Yes! Chess Boxing is an actual sport
by Chris Pike
The sport of chess boxing is a hybrid of both boxing and chess that consists of 11 alternating rounds of each sport.
Each match begins with four-minutes of chess followed by three minutes of boxing with a one minute break in between. Speed chess is used during the chess rounds, meaning that a player only has twelve minutes to complete the game. Players can win by either a checkmate, knockout, technical knockout by judges decision or if their opponent’s twelve minutes of chess time is exceeded.
The sport, like many others, has several origin stories. The two most popular are that a Serbian cartoonist named Enki Bilal penned a graphic novel featuring the sport and a man named Lepe Rubingh brought it to life by organizing matches himself.
Another version of how Chess Boxing got its start is in the Finnish film Uuno Turhapuro—herra Helsingin herra where the protagonist plays chess using a wireless headset to call out his moves while in a boxing match.

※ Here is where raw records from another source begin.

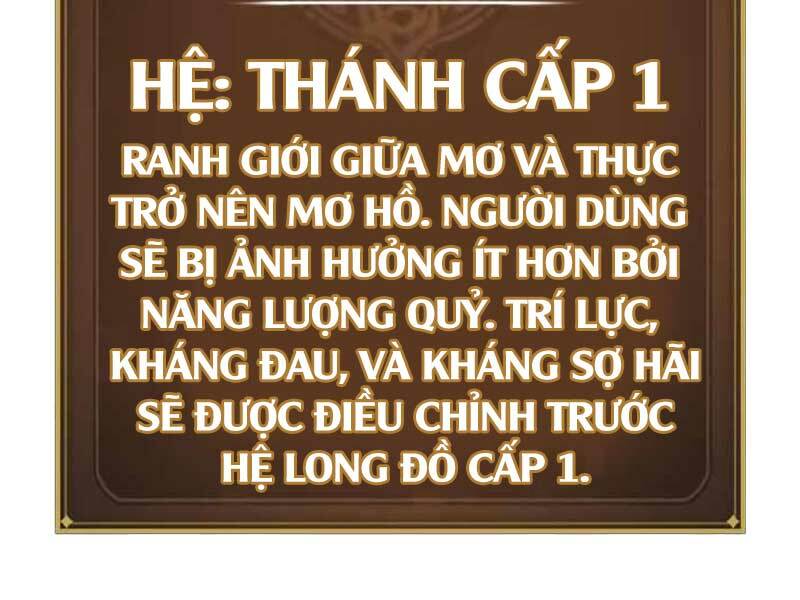 Thợ Săn Số Mệnh Cấp F Chapter 5 - Trang 2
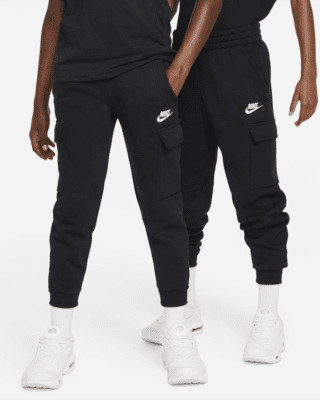 Nike Sportswear Club Fleece | Nike (US)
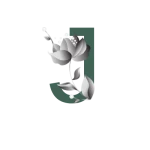 jaided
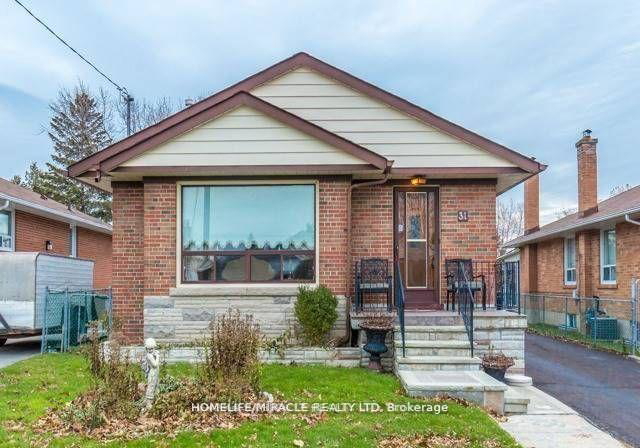 31-kilgreggan-crescent-toronto-scarborough-ontario-e13751076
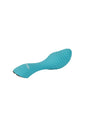 Evolved - Little Dipper Rechargeable Vibrator - Blue - Stag Shop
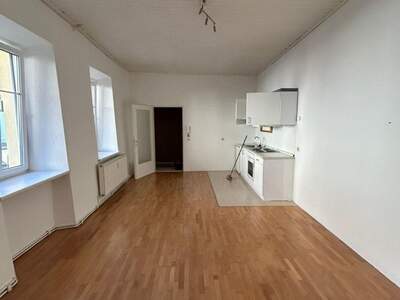 Apartment provisionsfrei mieten in 8750 Steiermark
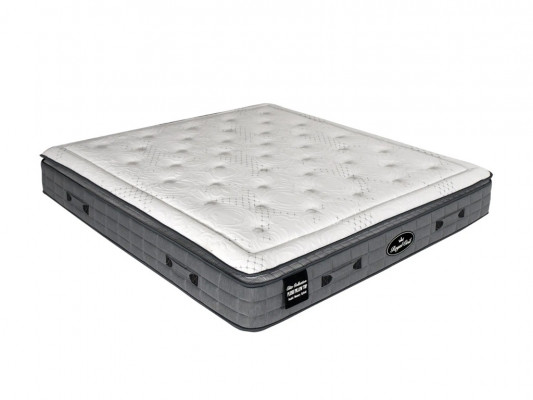 Hotel - bed - beds - high-quality mattress - king size mattresses - 140x200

The sport has gotten large enough that it is now governed by the World Chess Boxing Organization. The WCBO’s motto is “Fighting is done in the ring and wars are waged on the board.”
The first World Championship of Chess Boxing took place in Amsterdam in 2003 and was won by the sport’s founder, Lepe Rubingh.
Chess Boxing, like any regular sport, also has its own superstars, many hailing from eastern Europe and Germany. The most notable Chess Boxers are Andreas “D” Schneider , Zoran “the Priest” Mijatovic, Frank “Anti Terror” Stoldt (who was a former UN Peacekeeper) and 2009 world championship runner up Nikolay “The Chairman” Sazhin, who is only 21 years old.
RZA of the Wu-Tang clan is an avid fan of the sport and continues to promote the game wherever he can.
Having read all this could there possibly be a weirder sport? No. The answer is no.